**Dataset:**
┌────────

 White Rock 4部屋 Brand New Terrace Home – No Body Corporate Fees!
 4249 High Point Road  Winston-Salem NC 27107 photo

└────────
┌────────

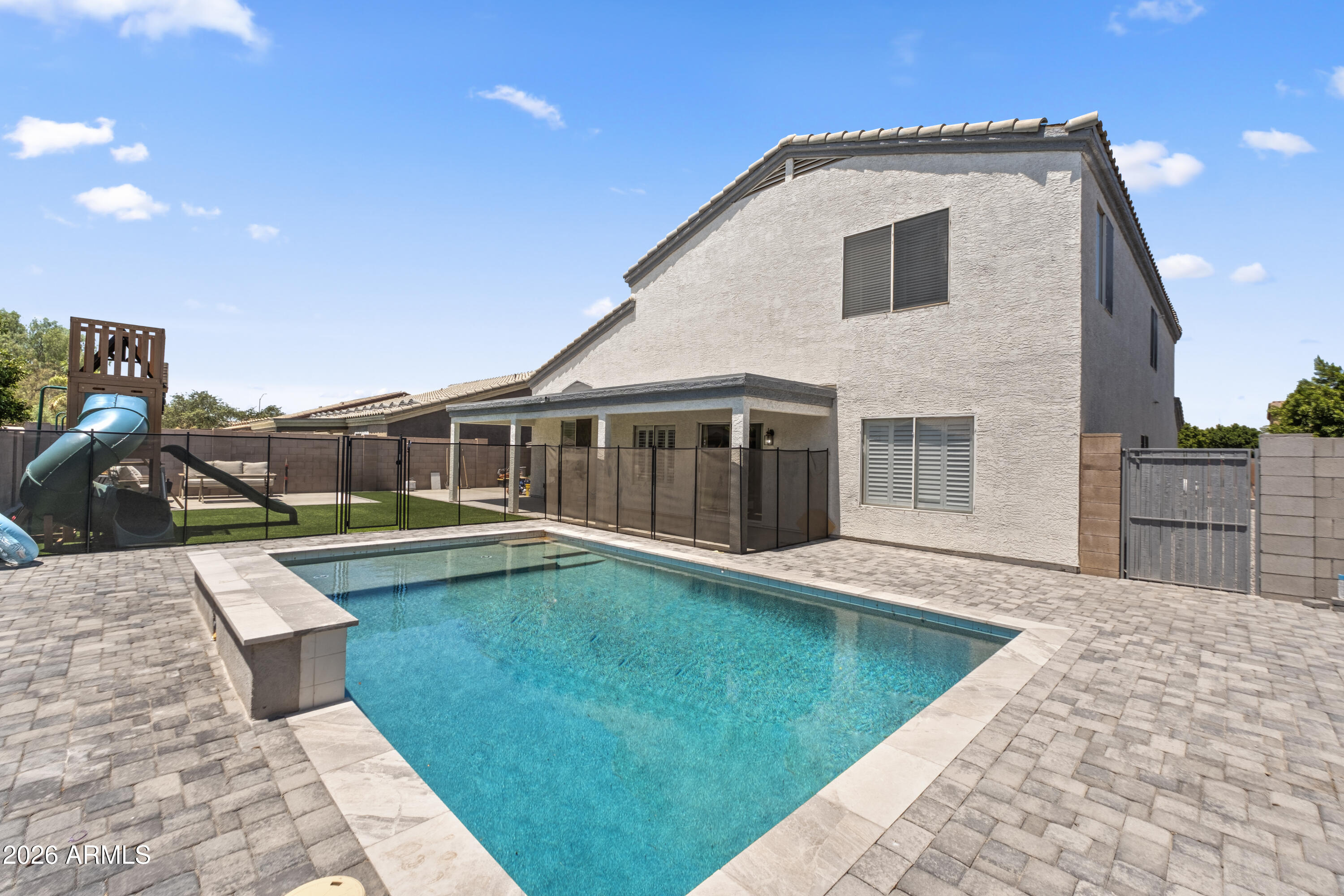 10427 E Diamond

└────────

**Task details:** In the material above, transcribe exactly the lines beginning at the one with "White Rock 4部屋" and ending at the one with "4249 High Point", both included.

**Answer box:**
 White Rock 4部屋 Brand New Terrace Home – No Body Corporate Fees!
 4249 High Point Road  Winston-Salem NC 27107 photo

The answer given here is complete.